What to produce » Beginning with the line that contains "BMKG: Waspada Gelombang", retype the entries below exactly, ending with the line that contains "251129 Tyra Axnà". Leave out any pictures.

*** Input Section Begins ***

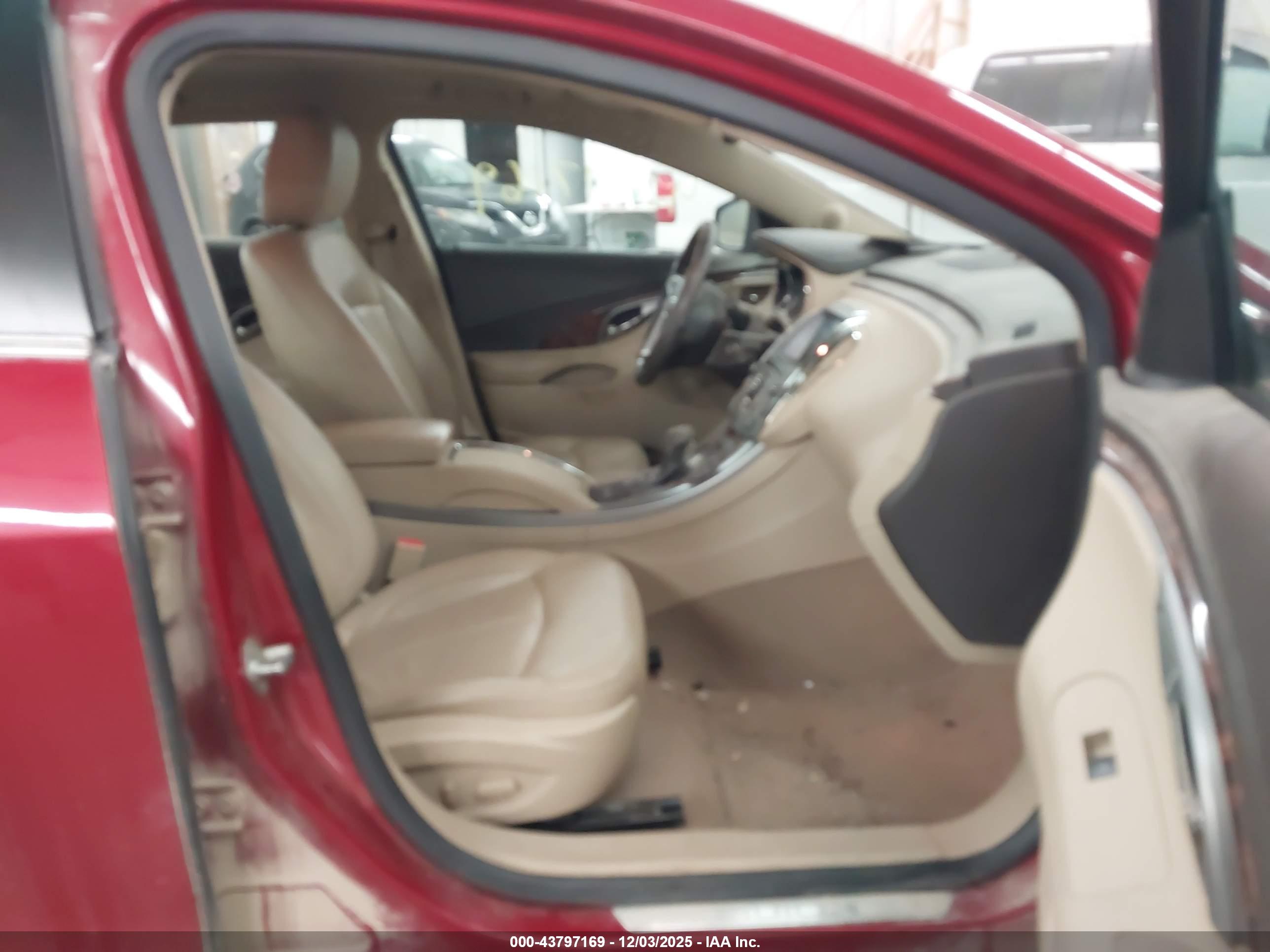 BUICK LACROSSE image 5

*** Input Section Ends ***
*** Input Section Begins ***

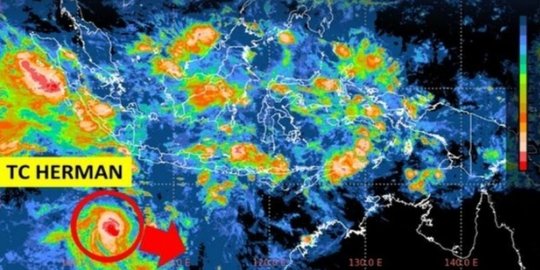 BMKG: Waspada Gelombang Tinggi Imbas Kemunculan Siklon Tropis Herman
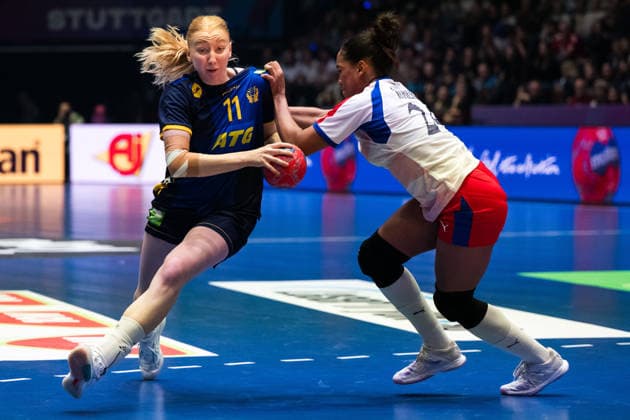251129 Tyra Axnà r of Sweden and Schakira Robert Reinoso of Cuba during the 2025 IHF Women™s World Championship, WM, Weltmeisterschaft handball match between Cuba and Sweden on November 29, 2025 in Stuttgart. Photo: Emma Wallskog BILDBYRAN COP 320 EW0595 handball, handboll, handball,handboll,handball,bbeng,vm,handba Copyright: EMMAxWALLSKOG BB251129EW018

*** Input Section Ends ***

Solution to this problem »
 BMKG: Waspada Gelombang Tinggi Imbas Kemunculan Siklon Tropis Herman
251129 Tyra Axnà r of Sweden and Schakira Robert Reinoso of Cuba during the 2025 IHF Women™s World Championship, WM, Weltmeisterschaft handball match between Cuba and Sweden on November 29, 2025 in Stuttgart. Photo: Emma Wallskog BILDBYRAN COP 320 EW0595 handball, handboll, handball,handboll,handball,bbeng,vm,handba Copyright: EMMAxWALLSKOG BB251129EW018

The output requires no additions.